Dennoch sind dies nur Teilerfolge. Die Kolleginnen berichten, dass grenzüberschreitende 
und sexistische Äußerungen seitens des Chefs immer noch an der Tagesordnung seien. In 
Gutsherrenmanier soll Herr Wolf seine Machtposition den beschäftigten Frauen* gegenüber 
immer wieder sehr deutlich machen. Außerdem müssten dringend neue Mitarbeitende 
eingestellt werden, denn nur dann können die Arbeitszeiten langfristig eingehalten werden.

Und auch dann ist es noch lange nicht genug: Auf dem globalen Blumenmarkt sind die 
Arbeitsbedingungen meist noch weit prekärer und auch hier arbeiten hauptsächlich Frauen*. 

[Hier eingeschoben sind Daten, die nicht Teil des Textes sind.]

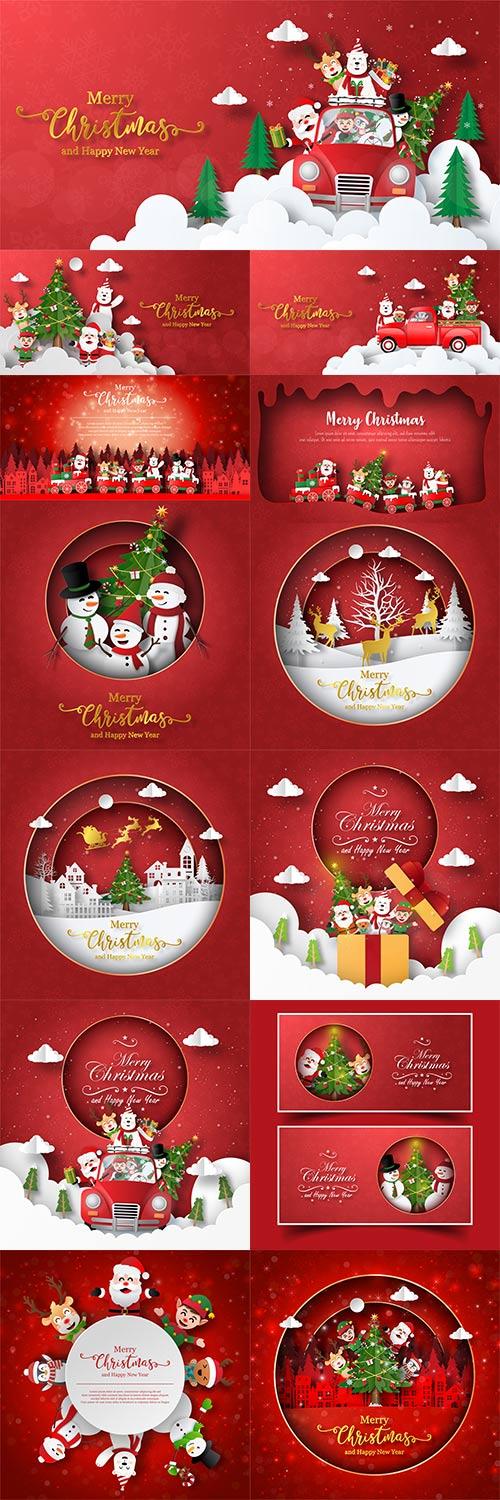 New Year festive vector backgrounds with snowmen, tree and toys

Die Genoss*innen von "BlumenWolf" erklären sich solidarisch mit den global beschäftigten 
Frauen* in der Floristikbranche und fordern nicht nur in ihrem eigenen Betrieb, sondern 
auch dort, wo die Blumen gesät, geschnitten und verpackt werden, faire und menschenwürdige 
Arbeitsbedingungen!

Der Beitrag stammt aus der Zeitung zum 8. März, die von der fem*fau, einer feministischen 
AG in der FAU, herausgegeben wurde. Die Zeitung ist kostenlos erhältlich bei den lokalen 
FAU-Gewerkschaften und auch online als pdf.